→ **WHAT IS EXPECTED**:
Everything in the listing below has to be repeated exactly, except the pictures.

═══ AVAILABLE DATA

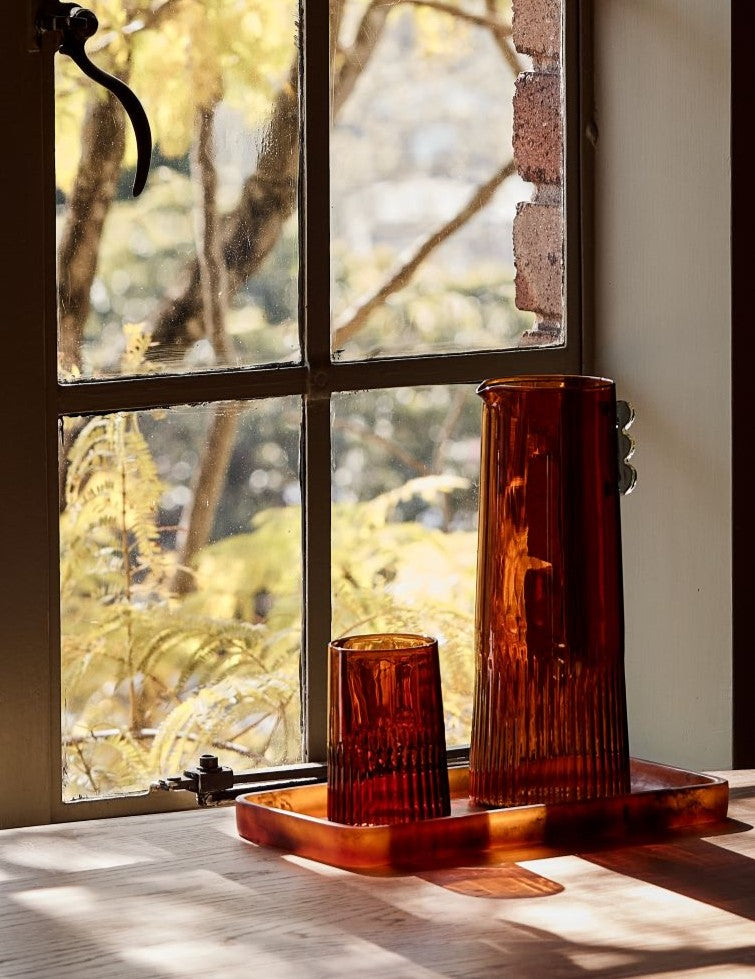 Kairos Large Water Glass | Dark Amber | Set of 2 - - - Saardé - Saardé.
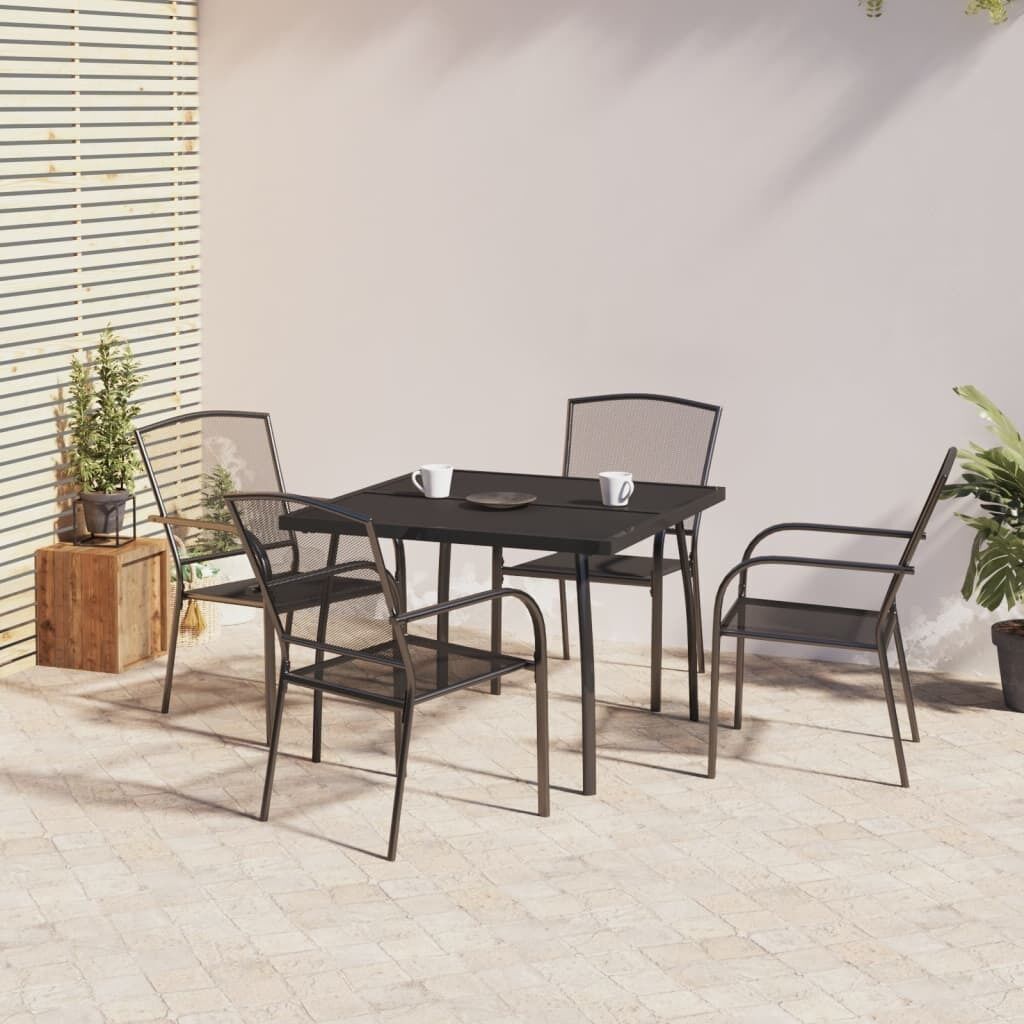 Garden Dining Set Anthracite Steel Price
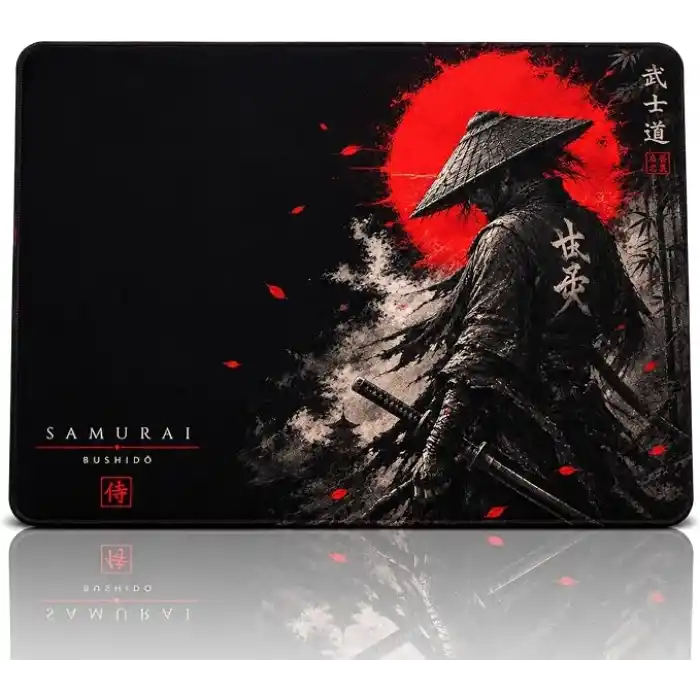 Baskılı Dijital Tasarımlı Oyuncu Mouse Pad, Kaymaz Taban, Dikişli Gaming Mouse Pad Samurai 50x40 Cm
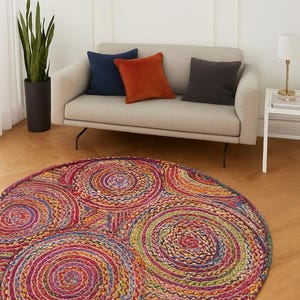 Elegancia artesanal: alfombras redondas de yute y algodón trenzadas a mano, acogedoras alfombras redondas de algodón trenzadas, alfombra de algodón para decoración de suelos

══════

→ **TASK RESULT**:
 Kairos Large Water Glass | Dark Amber | Set of 2 - - - Saardé - Saardé.
 Garden Dining Set Anthracite Steel Price
 Baskılı Dijital Tasarımlı Oyuncu Mouse Pad, Kaymaz Taban, Dikişli Gaming Mouse Pad Samurai 50x40 Cm
 Elegancia artesanal: alfombras redondas de yute y algodón trenzadas a mano, acogedoras alfombras redondas de algodón trenzadas, alfombra de algodón para decoración de suelos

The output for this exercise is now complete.